San Diego’s community banks performed well during the third quarter, typically with higher ratings than the nationwide competitors that dominate the market, according to the latest statewide bank report by Bauer Financial Inc.
Of the 18 banks based in the county, seven received “superior” five-star ratings, based on their tangible assets, capital ratios and profitability: Balboa Thrift & Loan, BofI Federal Bank, California Bank & Trust, California Community Bank, Coronado First Bank, Regents Bank and San Diego Trust Bank.
Five banks were rated “excellent,” with four stars, and five were rated “good,” with 3.5 stars.

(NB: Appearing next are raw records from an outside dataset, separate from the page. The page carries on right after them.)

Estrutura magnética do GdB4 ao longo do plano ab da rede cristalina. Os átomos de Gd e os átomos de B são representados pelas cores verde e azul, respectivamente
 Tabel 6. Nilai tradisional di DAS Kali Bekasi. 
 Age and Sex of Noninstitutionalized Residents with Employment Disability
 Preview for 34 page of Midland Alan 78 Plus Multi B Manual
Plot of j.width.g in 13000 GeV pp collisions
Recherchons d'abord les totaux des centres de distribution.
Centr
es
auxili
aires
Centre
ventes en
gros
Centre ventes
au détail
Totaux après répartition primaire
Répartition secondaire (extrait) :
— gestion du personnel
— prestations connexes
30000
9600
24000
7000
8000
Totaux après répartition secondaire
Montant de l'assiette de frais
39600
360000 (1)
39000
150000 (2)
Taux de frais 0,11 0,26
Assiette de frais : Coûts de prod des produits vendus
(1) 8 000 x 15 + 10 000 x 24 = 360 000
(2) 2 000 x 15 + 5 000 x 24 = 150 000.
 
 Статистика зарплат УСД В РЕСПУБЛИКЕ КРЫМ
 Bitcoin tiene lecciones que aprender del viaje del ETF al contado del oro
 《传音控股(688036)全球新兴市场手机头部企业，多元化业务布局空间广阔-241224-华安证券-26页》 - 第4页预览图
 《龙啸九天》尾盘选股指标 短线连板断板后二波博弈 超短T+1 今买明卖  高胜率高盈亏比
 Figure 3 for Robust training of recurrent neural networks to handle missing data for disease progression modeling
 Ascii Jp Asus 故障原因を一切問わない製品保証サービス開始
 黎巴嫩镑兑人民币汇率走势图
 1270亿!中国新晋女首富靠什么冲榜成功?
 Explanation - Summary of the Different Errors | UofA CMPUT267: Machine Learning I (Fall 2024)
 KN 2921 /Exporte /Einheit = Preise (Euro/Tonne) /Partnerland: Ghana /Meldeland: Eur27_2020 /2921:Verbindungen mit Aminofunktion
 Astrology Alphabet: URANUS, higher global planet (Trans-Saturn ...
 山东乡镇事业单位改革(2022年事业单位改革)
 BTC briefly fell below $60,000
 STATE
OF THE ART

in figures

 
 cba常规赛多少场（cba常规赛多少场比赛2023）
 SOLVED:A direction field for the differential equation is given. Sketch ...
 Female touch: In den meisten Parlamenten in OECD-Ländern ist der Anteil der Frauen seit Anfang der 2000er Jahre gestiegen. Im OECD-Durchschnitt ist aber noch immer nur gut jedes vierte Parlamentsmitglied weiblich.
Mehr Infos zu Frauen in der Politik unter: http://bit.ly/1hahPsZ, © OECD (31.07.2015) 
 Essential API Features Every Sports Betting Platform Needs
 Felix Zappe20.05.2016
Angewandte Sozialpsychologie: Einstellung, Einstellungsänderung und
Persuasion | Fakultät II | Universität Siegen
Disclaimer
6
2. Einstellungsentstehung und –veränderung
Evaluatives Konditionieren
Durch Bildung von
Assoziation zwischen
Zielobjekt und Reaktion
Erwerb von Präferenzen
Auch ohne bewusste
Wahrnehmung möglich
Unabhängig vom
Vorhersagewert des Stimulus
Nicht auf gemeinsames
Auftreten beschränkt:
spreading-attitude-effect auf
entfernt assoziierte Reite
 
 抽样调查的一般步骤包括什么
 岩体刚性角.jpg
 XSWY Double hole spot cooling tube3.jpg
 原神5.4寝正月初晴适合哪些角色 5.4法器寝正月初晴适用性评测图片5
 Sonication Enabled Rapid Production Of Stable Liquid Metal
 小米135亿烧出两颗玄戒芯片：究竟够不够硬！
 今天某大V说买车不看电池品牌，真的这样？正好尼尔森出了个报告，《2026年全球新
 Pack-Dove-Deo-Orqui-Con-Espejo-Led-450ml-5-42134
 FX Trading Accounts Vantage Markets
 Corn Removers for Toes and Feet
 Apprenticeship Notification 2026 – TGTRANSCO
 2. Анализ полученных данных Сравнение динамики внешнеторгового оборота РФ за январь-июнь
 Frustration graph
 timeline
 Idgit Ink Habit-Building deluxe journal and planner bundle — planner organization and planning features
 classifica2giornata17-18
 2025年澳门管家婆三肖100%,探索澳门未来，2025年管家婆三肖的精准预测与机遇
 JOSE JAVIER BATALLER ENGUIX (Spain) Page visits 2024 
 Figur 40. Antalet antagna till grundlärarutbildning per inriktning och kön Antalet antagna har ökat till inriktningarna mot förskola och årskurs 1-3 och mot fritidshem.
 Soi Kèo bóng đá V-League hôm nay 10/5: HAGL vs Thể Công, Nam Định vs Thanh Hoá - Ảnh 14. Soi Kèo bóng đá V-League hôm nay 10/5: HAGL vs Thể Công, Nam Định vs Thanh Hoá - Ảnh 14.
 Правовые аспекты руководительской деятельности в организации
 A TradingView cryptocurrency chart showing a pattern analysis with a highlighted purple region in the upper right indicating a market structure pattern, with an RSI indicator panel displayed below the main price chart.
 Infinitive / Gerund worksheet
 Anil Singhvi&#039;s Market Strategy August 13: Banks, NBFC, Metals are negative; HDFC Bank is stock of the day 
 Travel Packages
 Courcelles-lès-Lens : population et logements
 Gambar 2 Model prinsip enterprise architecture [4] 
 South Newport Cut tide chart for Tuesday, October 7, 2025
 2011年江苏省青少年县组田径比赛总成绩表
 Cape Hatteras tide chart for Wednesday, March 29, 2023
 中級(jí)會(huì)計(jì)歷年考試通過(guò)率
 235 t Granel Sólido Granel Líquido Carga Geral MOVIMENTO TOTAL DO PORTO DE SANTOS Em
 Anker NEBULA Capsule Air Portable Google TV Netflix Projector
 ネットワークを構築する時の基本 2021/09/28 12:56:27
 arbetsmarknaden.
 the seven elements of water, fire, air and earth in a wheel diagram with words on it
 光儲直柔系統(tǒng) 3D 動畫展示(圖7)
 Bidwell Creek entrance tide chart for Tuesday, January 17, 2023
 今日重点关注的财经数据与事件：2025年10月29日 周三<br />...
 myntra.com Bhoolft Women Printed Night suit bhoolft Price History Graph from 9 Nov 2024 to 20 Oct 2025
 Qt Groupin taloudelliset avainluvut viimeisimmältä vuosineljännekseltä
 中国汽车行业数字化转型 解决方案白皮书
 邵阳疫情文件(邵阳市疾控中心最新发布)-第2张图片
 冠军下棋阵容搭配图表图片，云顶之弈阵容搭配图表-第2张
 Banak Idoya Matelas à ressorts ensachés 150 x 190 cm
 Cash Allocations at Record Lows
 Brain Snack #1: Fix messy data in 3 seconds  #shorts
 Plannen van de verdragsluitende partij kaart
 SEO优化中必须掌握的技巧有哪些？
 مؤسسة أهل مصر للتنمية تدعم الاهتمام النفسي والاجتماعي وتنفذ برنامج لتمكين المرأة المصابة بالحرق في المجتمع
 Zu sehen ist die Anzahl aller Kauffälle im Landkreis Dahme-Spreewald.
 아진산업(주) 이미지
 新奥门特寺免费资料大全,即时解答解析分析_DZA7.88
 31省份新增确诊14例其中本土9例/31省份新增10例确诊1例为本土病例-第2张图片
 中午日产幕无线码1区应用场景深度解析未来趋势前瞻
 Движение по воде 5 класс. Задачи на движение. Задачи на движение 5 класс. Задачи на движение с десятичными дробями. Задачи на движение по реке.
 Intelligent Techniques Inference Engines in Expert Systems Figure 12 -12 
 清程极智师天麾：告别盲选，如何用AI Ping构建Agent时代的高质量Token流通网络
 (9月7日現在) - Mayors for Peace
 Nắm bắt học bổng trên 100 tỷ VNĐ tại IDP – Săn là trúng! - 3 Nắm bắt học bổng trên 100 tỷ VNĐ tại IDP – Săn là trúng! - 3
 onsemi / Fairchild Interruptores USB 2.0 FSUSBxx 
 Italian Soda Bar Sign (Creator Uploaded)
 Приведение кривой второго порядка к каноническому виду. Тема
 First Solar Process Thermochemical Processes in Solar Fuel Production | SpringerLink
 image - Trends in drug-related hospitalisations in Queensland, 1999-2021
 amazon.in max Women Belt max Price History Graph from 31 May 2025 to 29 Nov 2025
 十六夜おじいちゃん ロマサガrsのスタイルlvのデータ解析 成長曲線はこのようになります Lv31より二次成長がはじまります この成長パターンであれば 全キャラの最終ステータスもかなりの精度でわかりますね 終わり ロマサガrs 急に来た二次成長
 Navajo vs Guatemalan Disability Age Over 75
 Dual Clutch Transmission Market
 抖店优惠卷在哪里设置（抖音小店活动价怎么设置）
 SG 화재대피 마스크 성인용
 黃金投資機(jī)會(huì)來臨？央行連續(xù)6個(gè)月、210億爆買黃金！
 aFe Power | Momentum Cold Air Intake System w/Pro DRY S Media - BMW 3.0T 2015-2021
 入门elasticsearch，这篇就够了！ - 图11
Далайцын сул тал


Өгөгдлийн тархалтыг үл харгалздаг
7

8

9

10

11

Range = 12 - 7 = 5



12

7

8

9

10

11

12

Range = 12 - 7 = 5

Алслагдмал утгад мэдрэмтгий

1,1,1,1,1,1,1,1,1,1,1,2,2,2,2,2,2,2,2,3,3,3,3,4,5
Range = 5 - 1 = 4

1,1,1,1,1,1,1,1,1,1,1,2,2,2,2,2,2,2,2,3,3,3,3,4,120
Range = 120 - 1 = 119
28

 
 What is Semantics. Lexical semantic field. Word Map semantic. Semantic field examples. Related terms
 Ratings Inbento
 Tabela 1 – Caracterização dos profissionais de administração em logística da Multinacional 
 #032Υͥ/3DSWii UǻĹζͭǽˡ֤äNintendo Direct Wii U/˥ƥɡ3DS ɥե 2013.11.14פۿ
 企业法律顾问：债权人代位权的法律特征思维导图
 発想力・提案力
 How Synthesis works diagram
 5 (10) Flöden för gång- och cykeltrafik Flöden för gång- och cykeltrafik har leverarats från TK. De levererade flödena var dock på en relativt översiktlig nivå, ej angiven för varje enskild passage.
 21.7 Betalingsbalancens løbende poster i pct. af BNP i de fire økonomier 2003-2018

Only one bank received a lower score: Neighborhood National Bank, which slid from two stars in the second quarter to a single star in the third.
But Neighborhood, which specializes in government-backed community development loans to low-income neighborhoods, is in a unique category -- one of 85 banks nationwide designated as a community development financial institution by the U.S. Treasury Department.
Except for Bank of Southern California, which climbed from 3.5 stars in the second quarter to four stars in the third, the ratings for the other banks remained unchanged.
“Over the last couple years, we’ve generally been seeing higher profitability, higher capital ratios, lower loan losses and fewer enforcement actions than we were seeing before,” said Karen Dorway, Bauer’s director of research. “Some banks are still struggling, with higher nonperforming assets (bad loans) than we would like to see. But there’s been gradual improvement, with far fewer bank failures than we’ve seen for a while.”
Although community banks have rebounded, some of the nation’s biggest banks are still struggling from the aftermath of the mortgage bubble and burst. Bauer gave both Bank of America (NYSE: BAC) and Wells Fargo (NYSE: WFC) 3.5 stars nationwide, while BofA’s California operation is rated at three stars, signifying “adequate.”
“Community banks often have higher capital ratios than the bigger banks because their local investors understand that the bank is in a better position to lend when it has more capital,” Dorway said. “The institutional investors who put their money into the bigger banks are generally more interested in return on investment than long-term community growth.”